Debbie Lieberman said without the sales tax increase, a number of programs would be chopped, many involving public safety.
“We don’t like raising taxes, but we have to function,” she said. “We want to continue having a high-performing county that continues to be known as a county that is a great place to live, to work and raise a family.”
Area businessman Tommy Routsong was also among those leading the petition drive.
“This is an issue I’m very passionate about because it’s a slippery slope when taxes start being raised,” he said. “We’ve proven in the last year that decreasing taxes stimulates the economy.”

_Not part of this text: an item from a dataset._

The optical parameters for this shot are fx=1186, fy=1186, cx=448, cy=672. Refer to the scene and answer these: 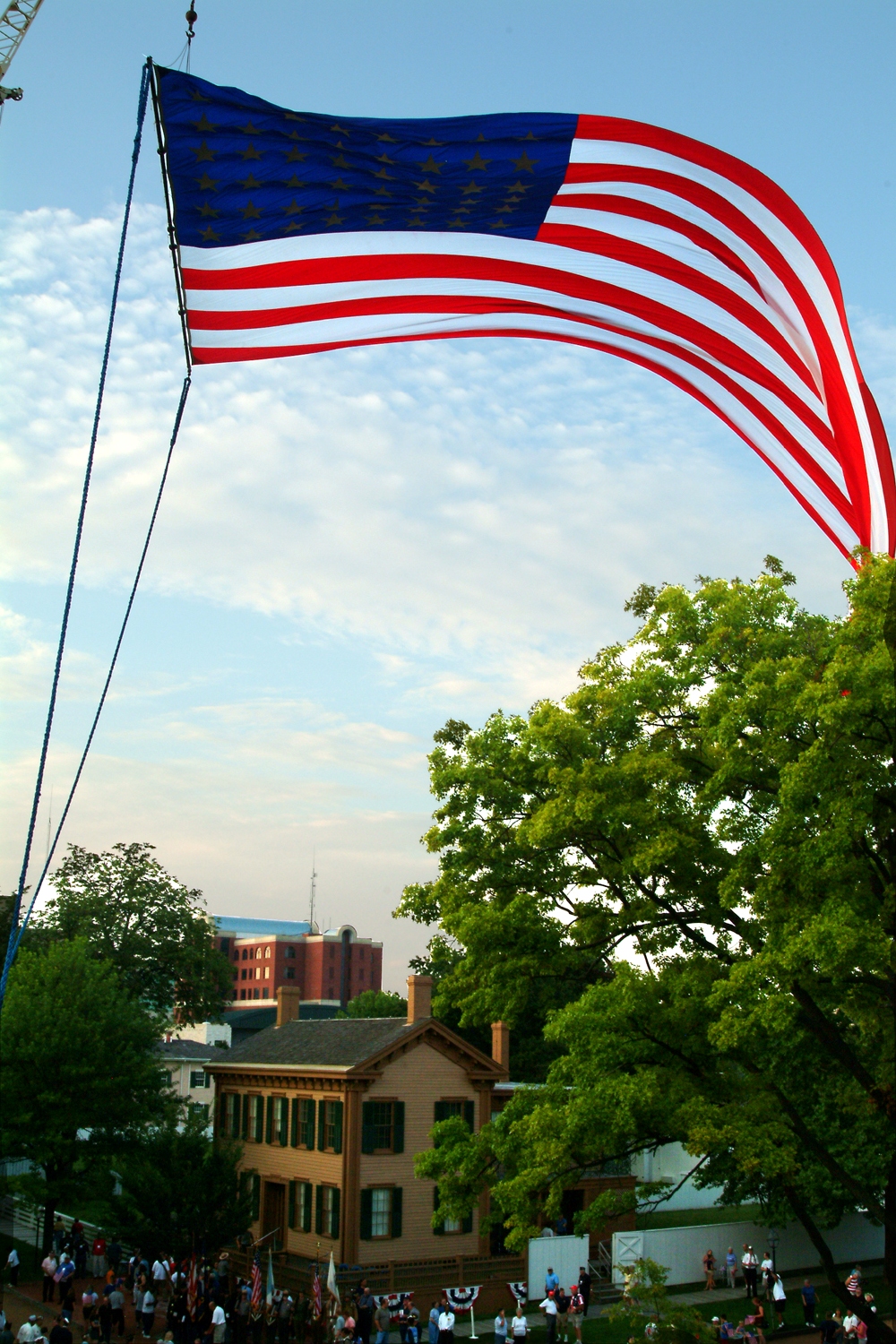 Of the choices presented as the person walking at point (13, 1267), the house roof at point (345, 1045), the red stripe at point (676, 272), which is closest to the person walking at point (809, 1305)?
the house roof at point (345, 1045)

The three county commissioners, all Democrats, approved the increase on June 26. According to Ohio law, the group had 30 days from passage to gather the signatures.
Barry said the petition campaign drew both Republicans and Democrats to the cause who felt the tax increase was put past voters without their input.
“Most people didn’t know it had been passed,” he said.
Montgomery County Commissioner Judy Dodge said the increase was not sprung on the public.
“Some of the comments were ‘you surprised us with this’ … Well, that’s just not true,” she said.
“We had an almost year-long financial plan with our business community. We always invited elected officials as well as individuals to come to those meetings. We had several public sessions to talk about this. Our county administrator went to many, many, business organizations and talked about this. So this was not a surprise.”